Proceedings Article | 7 June 2024
KEYWORDS: Education and training, Data modeling, Image segmentation, RGB color model, Artificial intelligence, Image processing, Visualization, Sensors, Machine learning, Visual process modeling
Training data for sporadically occurring events or anomalous targets is always an issue leading to an imbalance or under-representation in machine learning tasks. Synthetic data can aid in several different ways, such as the generation of suitable numbers of training images and, consequently, this data is often pre-labeled as part of the synthetic image generation process. The quality of this synthetic data can be questioned as to the efficacy of the task, but there is often an opportunity to look at how that quality affects your ultimate objective. For an overhead imagery task, does one need a complete, physically accurate simulation of all the optical, atmospheric, and sensor properties, or does a ”quick-and-dirty” visible wavelength simulation suffice? For all intents and purposes, this is surely dependent on the task at hand.
When it is impossible or impractical to collect real labeled data, simulated data may be the only option. In active research being conducted by the Digital Imaging and Remote Sensing laboratory in the Chester F. Carlson Center for Imaging Science at the Rochester Institute of Technology, researchers are focusing on the estimation of the volume of condensed water vapor plumes that are generated from mechanical draft cooling towers, at a variety of facilities, using various modalities of remote sensing data from different imaging platforms. Prior research has supported the use of machine learning for plume segmentation and multi-view geometry techniques for three-dimensional reconstruction and subsequent volume estimation. To this point, real imagery has been collected from the ground and small unmanned aircraft systems with the end goal of exploring other potential collection platforms.

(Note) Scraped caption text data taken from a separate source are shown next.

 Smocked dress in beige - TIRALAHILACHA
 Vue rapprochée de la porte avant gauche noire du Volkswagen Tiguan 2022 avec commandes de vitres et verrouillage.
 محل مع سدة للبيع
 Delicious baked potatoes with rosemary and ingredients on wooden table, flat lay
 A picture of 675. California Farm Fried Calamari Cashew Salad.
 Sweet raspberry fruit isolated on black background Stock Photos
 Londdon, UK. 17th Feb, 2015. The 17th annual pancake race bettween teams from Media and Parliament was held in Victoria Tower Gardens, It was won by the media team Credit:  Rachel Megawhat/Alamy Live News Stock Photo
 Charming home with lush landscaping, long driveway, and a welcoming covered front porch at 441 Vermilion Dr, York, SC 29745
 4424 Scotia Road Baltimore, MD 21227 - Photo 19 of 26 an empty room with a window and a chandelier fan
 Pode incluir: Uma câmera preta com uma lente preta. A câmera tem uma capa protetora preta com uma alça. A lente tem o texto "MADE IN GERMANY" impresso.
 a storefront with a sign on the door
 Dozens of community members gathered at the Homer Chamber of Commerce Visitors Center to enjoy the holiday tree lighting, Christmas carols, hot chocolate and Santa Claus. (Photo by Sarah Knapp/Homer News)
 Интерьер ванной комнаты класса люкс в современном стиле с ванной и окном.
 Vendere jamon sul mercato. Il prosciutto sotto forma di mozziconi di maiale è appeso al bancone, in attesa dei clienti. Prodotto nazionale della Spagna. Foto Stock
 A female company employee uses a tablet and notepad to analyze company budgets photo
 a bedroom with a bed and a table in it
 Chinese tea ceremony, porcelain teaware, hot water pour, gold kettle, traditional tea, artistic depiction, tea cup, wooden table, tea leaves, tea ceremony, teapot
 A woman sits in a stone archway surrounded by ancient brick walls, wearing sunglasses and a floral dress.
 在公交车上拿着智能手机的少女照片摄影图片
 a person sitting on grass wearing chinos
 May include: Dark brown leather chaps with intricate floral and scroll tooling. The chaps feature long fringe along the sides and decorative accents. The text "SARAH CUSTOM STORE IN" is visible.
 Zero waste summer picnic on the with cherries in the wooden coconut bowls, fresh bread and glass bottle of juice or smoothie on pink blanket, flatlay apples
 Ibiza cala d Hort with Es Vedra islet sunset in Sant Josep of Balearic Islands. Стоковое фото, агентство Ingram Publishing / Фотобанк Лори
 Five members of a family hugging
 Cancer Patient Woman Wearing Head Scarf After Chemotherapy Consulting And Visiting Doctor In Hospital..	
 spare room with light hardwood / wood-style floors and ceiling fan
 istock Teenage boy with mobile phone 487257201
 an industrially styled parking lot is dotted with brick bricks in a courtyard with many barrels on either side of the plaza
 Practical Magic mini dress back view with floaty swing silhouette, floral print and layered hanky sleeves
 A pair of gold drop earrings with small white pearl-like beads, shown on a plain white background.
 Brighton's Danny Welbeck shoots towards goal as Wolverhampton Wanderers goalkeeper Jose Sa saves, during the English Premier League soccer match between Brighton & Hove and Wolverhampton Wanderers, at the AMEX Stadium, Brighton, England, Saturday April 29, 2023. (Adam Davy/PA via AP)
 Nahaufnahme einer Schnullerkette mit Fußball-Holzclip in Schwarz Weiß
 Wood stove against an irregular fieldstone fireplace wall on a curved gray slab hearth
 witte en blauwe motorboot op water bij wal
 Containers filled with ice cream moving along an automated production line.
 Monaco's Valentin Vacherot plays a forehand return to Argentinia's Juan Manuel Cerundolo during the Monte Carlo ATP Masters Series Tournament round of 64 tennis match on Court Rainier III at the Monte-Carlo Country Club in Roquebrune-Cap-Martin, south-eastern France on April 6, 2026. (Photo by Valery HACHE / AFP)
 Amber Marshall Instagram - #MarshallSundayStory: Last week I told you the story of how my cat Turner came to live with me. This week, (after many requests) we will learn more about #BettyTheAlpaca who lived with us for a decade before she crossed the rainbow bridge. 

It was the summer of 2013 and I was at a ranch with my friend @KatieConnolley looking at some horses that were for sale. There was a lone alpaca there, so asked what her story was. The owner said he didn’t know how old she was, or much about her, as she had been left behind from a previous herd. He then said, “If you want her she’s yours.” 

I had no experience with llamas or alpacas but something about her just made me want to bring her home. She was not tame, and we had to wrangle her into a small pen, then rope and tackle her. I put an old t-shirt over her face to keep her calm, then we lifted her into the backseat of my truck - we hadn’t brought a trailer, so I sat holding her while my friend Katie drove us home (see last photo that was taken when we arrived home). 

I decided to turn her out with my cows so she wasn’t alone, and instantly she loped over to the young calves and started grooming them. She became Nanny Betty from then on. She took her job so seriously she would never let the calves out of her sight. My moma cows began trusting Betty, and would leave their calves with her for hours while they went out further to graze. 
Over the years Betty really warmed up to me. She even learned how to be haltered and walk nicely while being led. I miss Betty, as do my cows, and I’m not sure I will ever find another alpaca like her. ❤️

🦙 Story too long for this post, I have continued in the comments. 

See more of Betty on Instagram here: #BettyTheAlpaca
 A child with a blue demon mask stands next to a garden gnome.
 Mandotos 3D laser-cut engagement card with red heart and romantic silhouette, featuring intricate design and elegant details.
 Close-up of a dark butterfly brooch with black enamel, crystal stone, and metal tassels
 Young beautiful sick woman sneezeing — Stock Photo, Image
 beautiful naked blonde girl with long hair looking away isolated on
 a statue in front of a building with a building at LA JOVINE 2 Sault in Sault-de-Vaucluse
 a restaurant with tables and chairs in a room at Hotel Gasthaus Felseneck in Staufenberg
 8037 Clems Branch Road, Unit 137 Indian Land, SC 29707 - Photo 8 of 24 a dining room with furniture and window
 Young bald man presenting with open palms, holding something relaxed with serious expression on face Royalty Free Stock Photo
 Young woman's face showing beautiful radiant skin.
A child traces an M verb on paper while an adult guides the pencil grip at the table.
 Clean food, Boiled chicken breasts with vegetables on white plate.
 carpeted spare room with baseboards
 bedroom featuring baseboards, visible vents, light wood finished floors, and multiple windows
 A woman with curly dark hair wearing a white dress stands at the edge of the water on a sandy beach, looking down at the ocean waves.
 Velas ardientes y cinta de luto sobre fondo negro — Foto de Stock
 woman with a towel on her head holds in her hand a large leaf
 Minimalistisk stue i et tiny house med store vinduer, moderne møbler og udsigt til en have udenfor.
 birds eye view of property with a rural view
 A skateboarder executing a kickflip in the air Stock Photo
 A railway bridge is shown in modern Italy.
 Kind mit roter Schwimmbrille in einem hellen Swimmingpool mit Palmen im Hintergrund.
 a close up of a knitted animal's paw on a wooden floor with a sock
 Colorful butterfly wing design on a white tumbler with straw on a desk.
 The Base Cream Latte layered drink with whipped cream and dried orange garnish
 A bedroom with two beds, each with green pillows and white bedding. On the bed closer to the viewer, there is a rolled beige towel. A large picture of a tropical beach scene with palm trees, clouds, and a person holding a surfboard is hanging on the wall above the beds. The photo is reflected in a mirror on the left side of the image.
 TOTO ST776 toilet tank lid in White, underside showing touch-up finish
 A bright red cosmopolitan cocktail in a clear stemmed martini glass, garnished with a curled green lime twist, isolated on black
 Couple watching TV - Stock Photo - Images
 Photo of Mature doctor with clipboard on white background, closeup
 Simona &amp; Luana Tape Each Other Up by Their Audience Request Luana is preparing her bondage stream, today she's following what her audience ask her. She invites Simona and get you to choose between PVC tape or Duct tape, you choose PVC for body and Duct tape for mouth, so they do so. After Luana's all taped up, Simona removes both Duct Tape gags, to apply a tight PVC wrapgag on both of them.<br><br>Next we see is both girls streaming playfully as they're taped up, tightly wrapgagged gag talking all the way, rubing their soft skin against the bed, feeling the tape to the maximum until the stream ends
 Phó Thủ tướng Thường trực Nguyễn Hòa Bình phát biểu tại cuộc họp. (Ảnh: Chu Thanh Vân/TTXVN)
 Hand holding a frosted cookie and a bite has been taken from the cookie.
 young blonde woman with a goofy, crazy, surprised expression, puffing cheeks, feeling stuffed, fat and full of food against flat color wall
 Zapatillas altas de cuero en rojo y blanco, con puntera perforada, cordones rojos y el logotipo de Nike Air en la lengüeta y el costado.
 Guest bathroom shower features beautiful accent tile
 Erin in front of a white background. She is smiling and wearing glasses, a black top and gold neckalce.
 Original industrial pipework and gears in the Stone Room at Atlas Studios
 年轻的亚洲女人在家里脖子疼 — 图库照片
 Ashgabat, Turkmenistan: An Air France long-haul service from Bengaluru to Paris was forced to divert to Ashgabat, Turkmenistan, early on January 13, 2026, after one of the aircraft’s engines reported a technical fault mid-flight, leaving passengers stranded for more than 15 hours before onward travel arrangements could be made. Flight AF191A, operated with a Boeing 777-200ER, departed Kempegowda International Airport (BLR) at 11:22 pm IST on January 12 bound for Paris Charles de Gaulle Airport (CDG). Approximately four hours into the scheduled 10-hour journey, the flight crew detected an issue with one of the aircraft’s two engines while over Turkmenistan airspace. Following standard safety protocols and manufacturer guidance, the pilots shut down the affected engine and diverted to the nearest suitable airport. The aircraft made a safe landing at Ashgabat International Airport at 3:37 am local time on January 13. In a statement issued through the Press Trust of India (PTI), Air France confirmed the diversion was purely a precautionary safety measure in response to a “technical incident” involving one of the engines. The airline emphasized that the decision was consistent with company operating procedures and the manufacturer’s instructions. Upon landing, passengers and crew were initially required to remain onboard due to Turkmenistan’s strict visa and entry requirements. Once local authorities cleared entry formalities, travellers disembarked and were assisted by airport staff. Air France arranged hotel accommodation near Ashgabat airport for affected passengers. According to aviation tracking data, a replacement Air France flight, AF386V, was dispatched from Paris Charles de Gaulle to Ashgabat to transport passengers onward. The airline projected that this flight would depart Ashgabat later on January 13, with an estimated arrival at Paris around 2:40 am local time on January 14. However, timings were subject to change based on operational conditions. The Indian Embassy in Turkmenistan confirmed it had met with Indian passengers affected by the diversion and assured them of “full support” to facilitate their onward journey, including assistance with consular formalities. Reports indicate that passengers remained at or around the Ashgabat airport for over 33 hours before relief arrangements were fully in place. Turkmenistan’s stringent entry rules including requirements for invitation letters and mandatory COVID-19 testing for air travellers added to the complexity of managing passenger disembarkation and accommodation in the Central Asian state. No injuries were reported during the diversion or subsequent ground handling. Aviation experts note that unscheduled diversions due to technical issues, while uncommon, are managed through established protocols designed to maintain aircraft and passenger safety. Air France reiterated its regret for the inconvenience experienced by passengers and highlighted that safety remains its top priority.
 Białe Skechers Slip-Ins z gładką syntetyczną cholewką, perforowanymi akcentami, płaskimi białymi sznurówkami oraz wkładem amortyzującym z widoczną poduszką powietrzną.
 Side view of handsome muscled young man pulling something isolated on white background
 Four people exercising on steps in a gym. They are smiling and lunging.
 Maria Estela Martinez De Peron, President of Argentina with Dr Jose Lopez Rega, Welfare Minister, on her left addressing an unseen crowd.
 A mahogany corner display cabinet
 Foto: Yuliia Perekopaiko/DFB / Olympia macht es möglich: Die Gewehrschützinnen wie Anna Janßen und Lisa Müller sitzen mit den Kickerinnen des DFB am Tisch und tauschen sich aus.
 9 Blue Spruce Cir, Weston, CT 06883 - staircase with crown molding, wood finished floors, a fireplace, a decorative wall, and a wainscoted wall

This research focuses on the training of a U-Net model to mask and segment these condensed water vapor plumes from other objects in the scene. The U-Net model and segmentation process has been successfully previously applied to real, low-altitude imagery and this research focuses on the use and application of the model through the use of simulated imagery. Several aspects of the simulation are of interest; how physically accurate do the scattering properties of the plume data need to be, how critical is the understanding of in situ meteorological conditions, how dependent is the process on the temporal and geographic variety in the data, how important is scene clutter and background type? The synthetic data used in this study was generated using the Digital Imaging and Remote Sensing Image Generation (DIRSIG) simulation environment and used to derive the inference and segmentation model to be tested on real imagery. While the trained artificial intelligence model performed consistently well when evaluated with synthetic imagery, the accuracy seen in the synthetic dataset did not translate into comparable results when evaluated with real imagery. However, the successes seen with the synthetic imagery and instances of real imagery results indicate that this binary classification and subsequent volume estimation is feasible to accomplish with high levels of accuracy in the future.